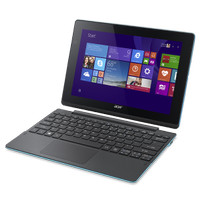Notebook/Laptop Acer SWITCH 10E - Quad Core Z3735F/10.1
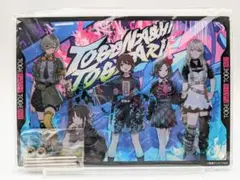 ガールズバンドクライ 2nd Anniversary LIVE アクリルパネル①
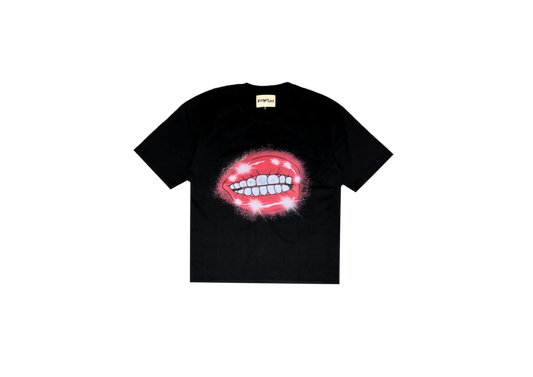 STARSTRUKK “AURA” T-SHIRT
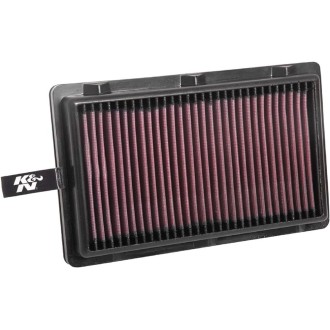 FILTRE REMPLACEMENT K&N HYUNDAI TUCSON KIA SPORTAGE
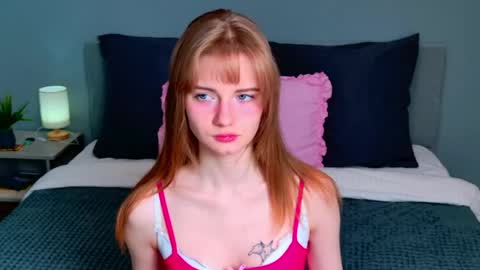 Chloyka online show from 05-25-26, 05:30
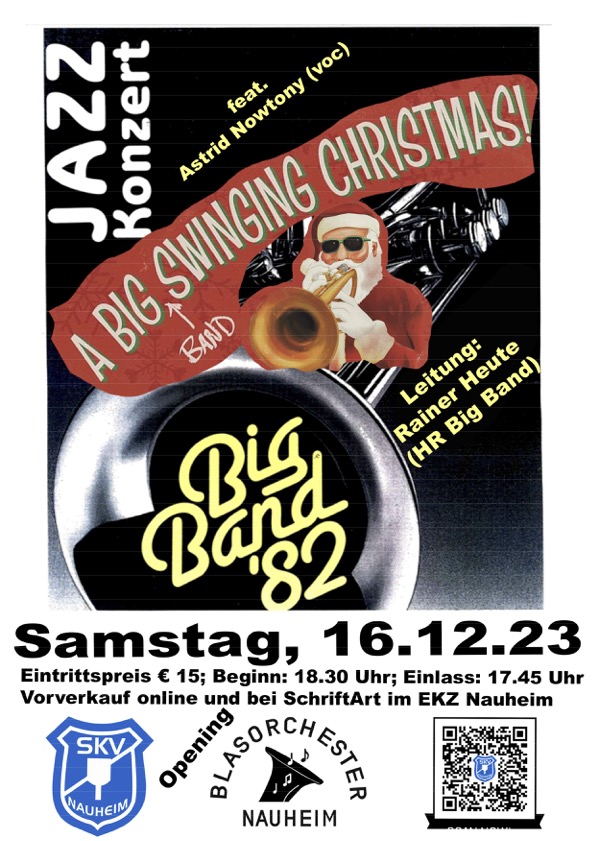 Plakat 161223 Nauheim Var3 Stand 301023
########################################
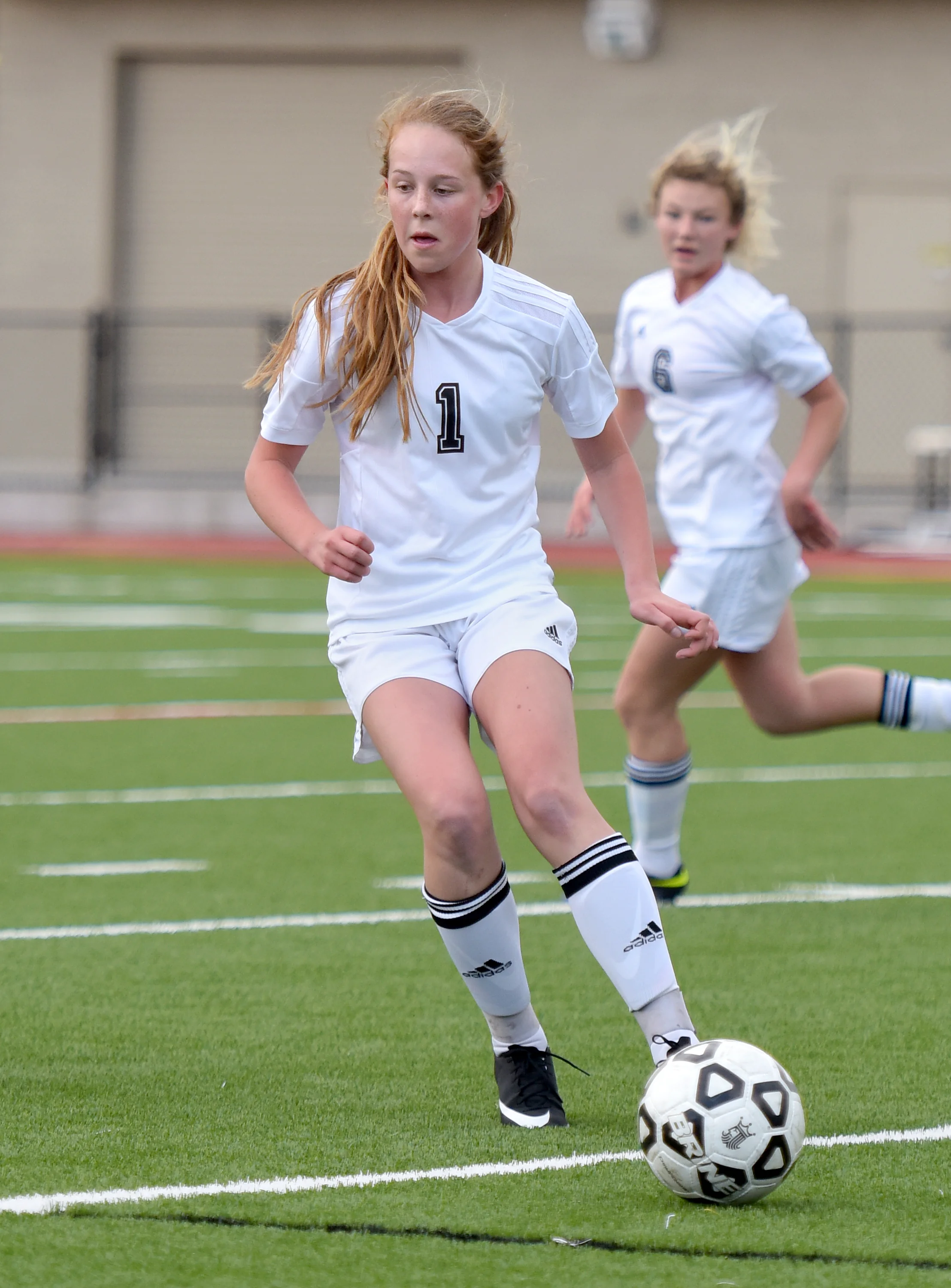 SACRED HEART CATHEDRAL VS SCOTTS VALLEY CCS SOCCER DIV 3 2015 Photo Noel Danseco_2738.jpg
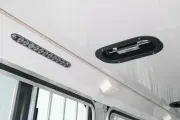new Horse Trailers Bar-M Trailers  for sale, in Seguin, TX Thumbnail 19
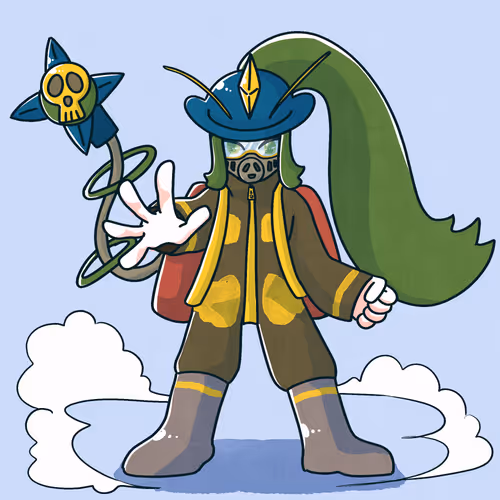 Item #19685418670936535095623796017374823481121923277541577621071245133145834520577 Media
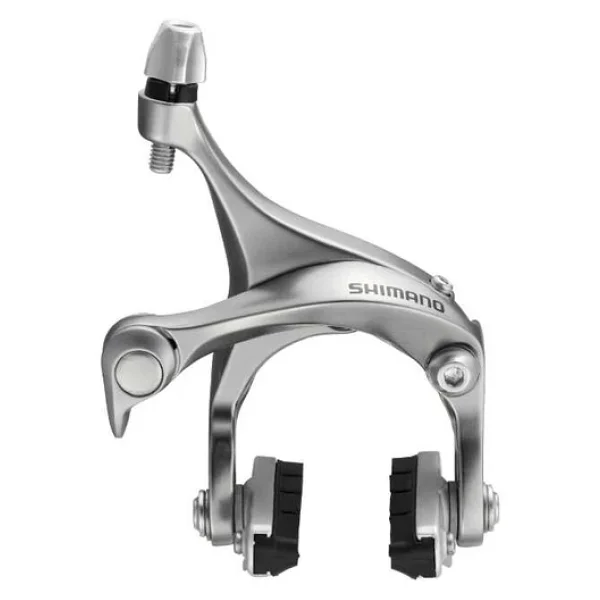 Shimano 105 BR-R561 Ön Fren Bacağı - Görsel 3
########################################
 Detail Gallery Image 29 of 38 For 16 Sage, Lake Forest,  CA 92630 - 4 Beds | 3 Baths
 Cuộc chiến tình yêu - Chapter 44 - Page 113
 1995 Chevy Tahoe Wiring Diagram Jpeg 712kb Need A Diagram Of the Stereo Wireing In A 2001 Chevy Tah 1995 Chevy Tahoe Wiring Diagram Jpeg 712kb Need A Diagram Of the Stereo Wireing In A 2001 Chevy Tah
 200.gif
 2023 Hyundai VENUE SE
########################################
Write out again exactly the lines above from the one with "FILTRE REMPLACEMENT K&N" through the one with "Plakat 161223 Nauheim Var3 Stand 301023", adding no other lines and no pictures.

 FILTRE REMPLACEMENT K&N HYUNDAI TUCSON KIA SPORTAGE
 Chloyka online show from 05-25-26, 05:30
 Plakat 161223 Nauheim Var3 Stand 301023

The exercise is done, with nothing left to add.